Por Hervé Kempf.
En las últimas décadas, la crisis ecológica ha adquirido tal envergadura que sus consecuencias empiezan a ser claramente visibles y la comunidad científica describe, cada vez con más precisión, los efectos que ésta podría generar en el futuro de nuestras sociedades. Relegada hasta hace poco a la categoría de preocupación secundaria, e incluso folclórica, desde hace unos años se considera un factor geopolítico importante.
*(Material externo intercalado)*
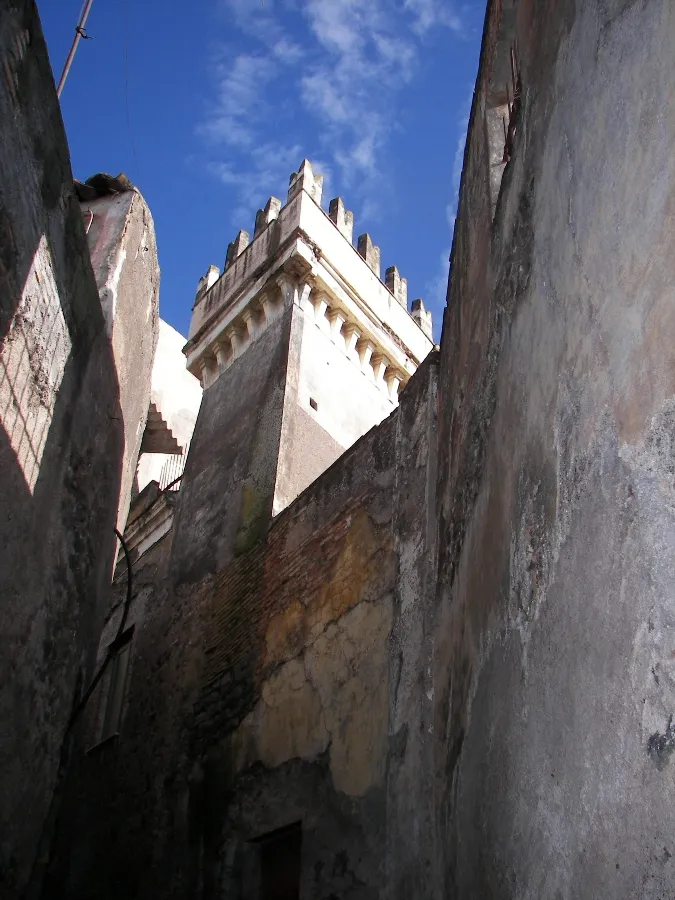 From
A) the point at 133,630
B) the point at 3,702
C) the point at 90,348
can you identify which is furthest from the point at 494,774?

En 2007, el Center for Naval Analysis, grupo asesor constituido por oficiales estadounidenses retirados, publicaba un informe en el que se vinculaba seguridad nacional y cambio climático. A principios de 2008, Javier Solana, entonces alto representante para la Política Exterior y de Seguridad Común de la Unión Europea, presentaba al Consejo Europeo un documento sobre el mismo asunto. A finales de 2008, el informe que cada cinco años publica el National Intelligence Council de Estados Unidos, organismo que sintetiza los análisis geopolíticos de los servicios de información estadounidenses, incluía el “pico del petróleo” (momento a partir del cual la producción mundial de petróleo entra en un progresivo descenso terminal), la escasez de agua y el cambio climático entre los principales problemas que deben definir la posición estratégica de Washington. En septiembre de 2009, la CIA inauguraba su centro sobre cambio climático y seguridad nacional, precisando que emprendería la labor de estudiar “el impacto en la seguridad nacional de fenómenos como la desertificación, el ascenso del nivel del mar, los flujos de población y la competencia creciente por los recursos naturales”.
Y, por si alguien aún alberga dudas acerca de la interacción entre crisis ecológica y política internacional, que compare la repercusión de la Cumbre de Copenhague sobre el clima en diciembre de 2009, en la que se dieron cita 120 jefes de Estado, con el modesto eco que cosechó la conferencia de la Organización Mundial del Comercio (OMC), organizada ese mismo mes.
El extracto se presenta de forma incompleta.